Alcune attività tipiche includono:
• Autoritratto (self-portrait): Fotografarsi per esplorare l’immagine di sé, del corpo e emozioni.
• Ritratto: Fotografare e farsi fotografare per conoscersi meglio e valorizzarsi attraverso la relazione fotografica.
• Esplorazione di album familiari: Guardare vecchie foto per ricontattare ricordi e storie personali.
• Photo-walk: Passeggiate fotografiche mindful, catturando immagini che rappresentano stati d’animo o simboli personali.
• Diario visivo: Scattare una foto al giorno e riflettere su di essa attraverso scrittura o condivisione.
• Progetti tematici: Fotografare oggetti, paesaggi o persone che evocano emozioni specifiche (gioia, tristezza, forza).

IMPERFETTI MA AUTENTICI

Grazie al lascito di Judy Weiser e alla democratizzazione degli strumenti visivi, oggi ciascuno può trasformare il proprio sguardo in uno strumento di cura e di scoperta.
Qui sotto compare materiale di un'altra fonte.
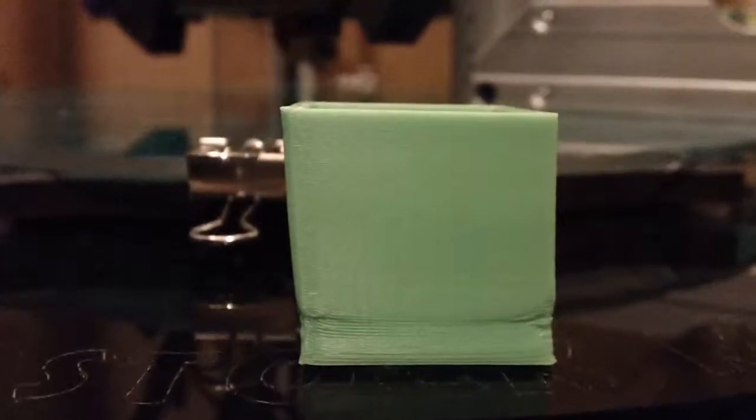I've got my Rostock Max printing. It's printing fairly well actually.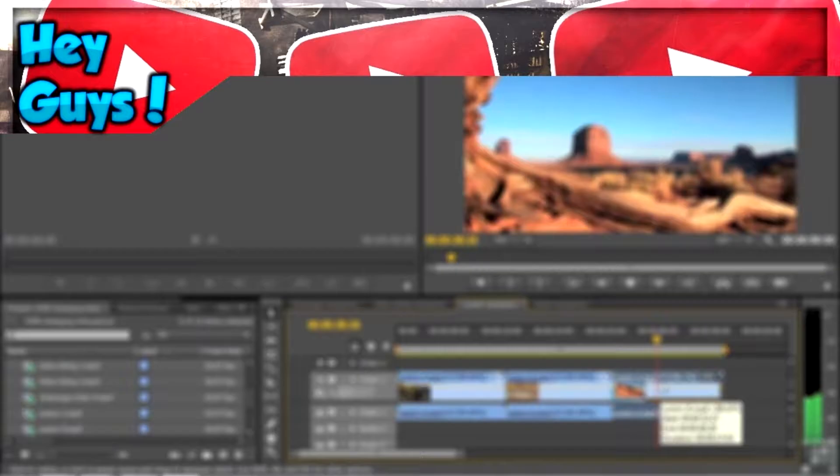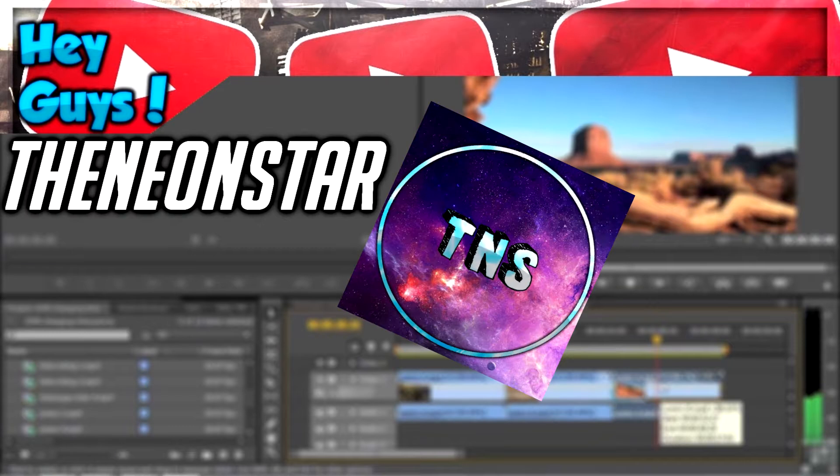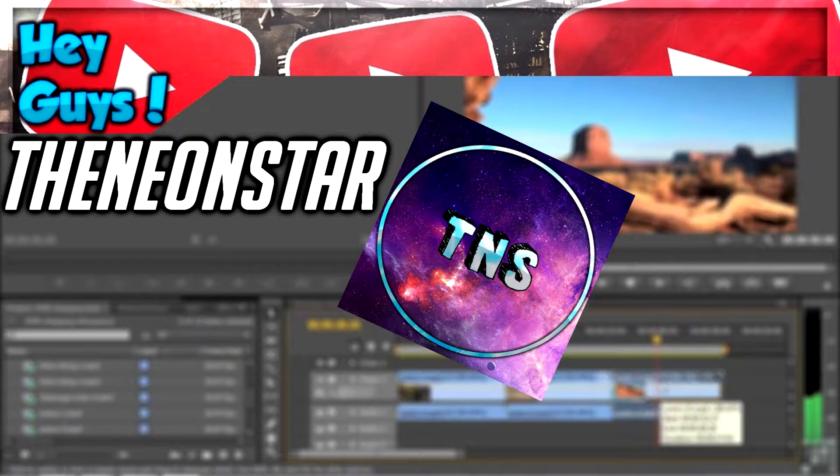But the person that I'm going to be giving a shoutout to is The Neon Star. So that's his channel name. He also has his friend Joshua, but I'll leave that to another Shoutout Sunday episode.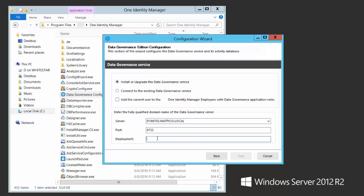You can have multiple deployments of data governance within the same forest, but within each deployment you have a set of managed hosts that only talk to that deployment. Although you can have multiple deployments, they don't talk to one another. In this particular case, I'm just going to name my deployment — I'll call it DGE 702.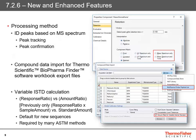There is also a new variable internal standard calculation, mainly required by ASTM methods. It is now a response ratio versus amount ratio, enabled simply by a single tick box in the processing method. This is the default for new sequences. If you uncheck that box, it goes back to the previous calculation, which is response ratio times sample amount versus standard amount.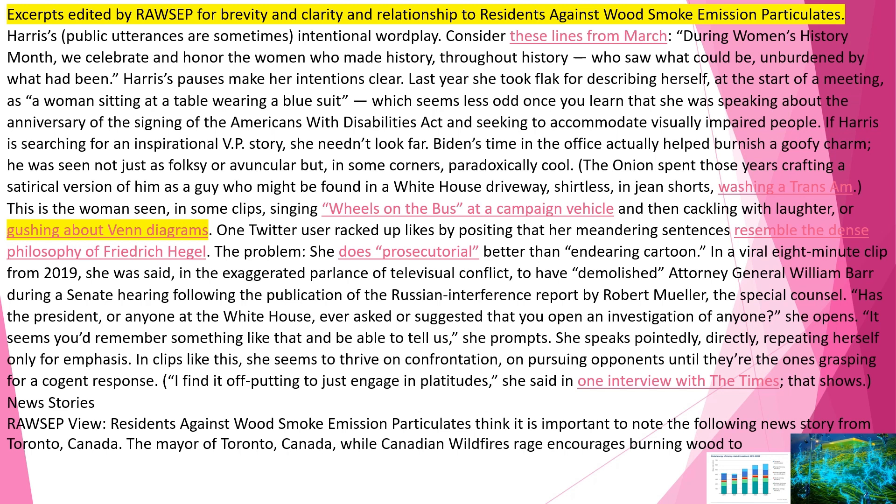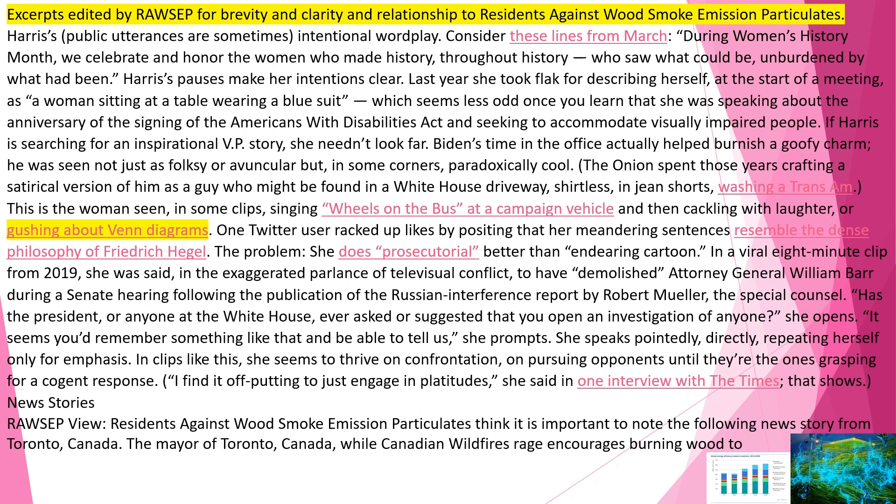News Stories. Raw's up view: residents against wood smoke emission particulates think it is important to note the following news story from Toronto, Canada. The mayor of Toronto, Canada, while Canadian wildfires rage, encourages burning wood to produce energy, and the mayor of Toronto has made wood burning a pillar of the new, absurdly named, green economy. Burning wood itself creates conditions conductive to further climate change and therefore further wildfires. Burning wood for energy emits the same pollution as wildfires emit, including more CO2 and particulates, PM2.5, than coal burning emits. PM2.5, particulate matter of 2.5 micrometer size, is the perfect size to infiltrate the human lung, producing a cascade of human health problems and early deaths. Wood burning is 90% PM2.5. While fires rage, Doug Ford announces program to burn more wood, the Toronto Star. The Doug Ford government has taken a climate-threatening practice, burning wood to make energy, and made it a pillar of the new green economy.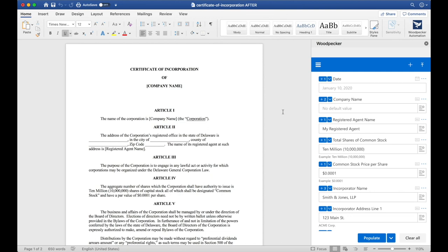Welcome to Woodpecker. I've opened a simple certificate of incorporation in Microsoft Word and launched Woodpecker over on the right of it.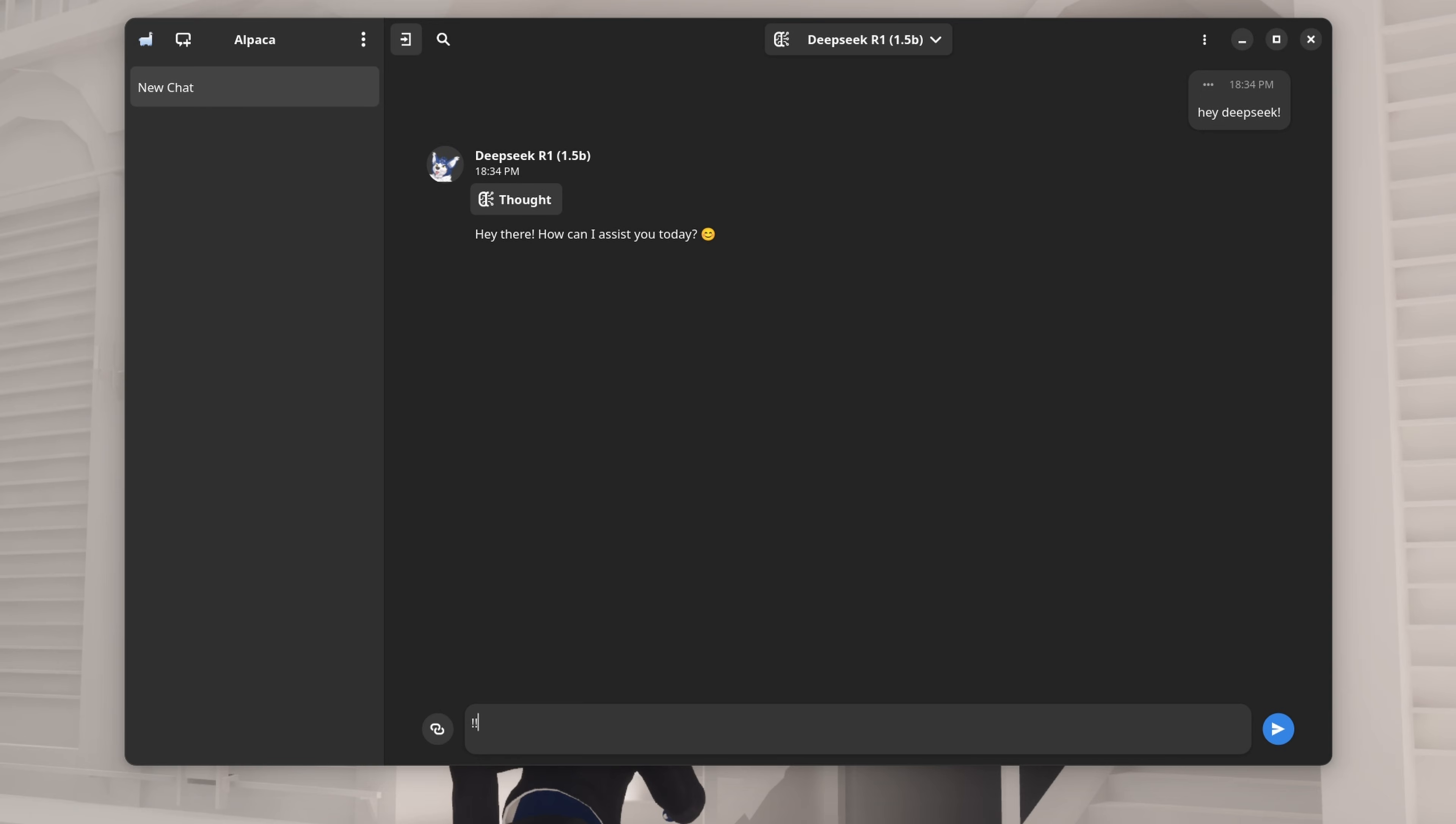Anyway, that's pretty much all you gotta do. There's a lot you can tweak within Alpaca, but this is just a quick setup guide. Have fun talking to your local AI overlord!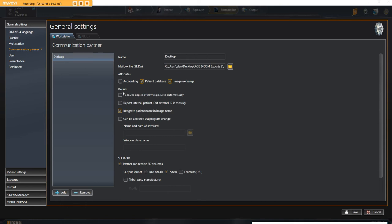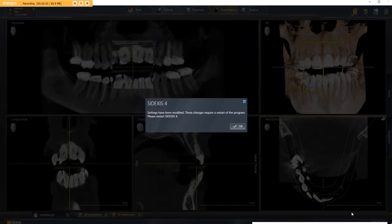Now what I didn't tell you was the first thing you'll do is click add down here, and that will open up all the windows, and you'll add a new communication partner. Click save, and there you go.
Non serve essere artisti né terapeuti: basta avere curiosità, un po’ di coraggio e la volontà di fermarsi davanti a ciò che normalmente scorre via inosservato.

Scattare e farsi scattare, guardare e riguardare, scegliere e condividere (o semplicemente tenere per sé) diventa un piccolo rituale che aiuta a dare forma visibile a ciò che sentiamo dentro, a riavvicinarci a parti dimenticate di noi, a sciogliere nodi silenziosi, a riconoscere risorse che non sapevamo di avere. La fotografia terapeutica offre qualcosa di prezioso: un ponte tra l’occhio esterno e il paesaggio interno. Alla fine, forse, la vera meraviglia non è quell’immagine perfetta, ma quel frammento di verità su di sé, sempre imperfetto ma profondamente autentico.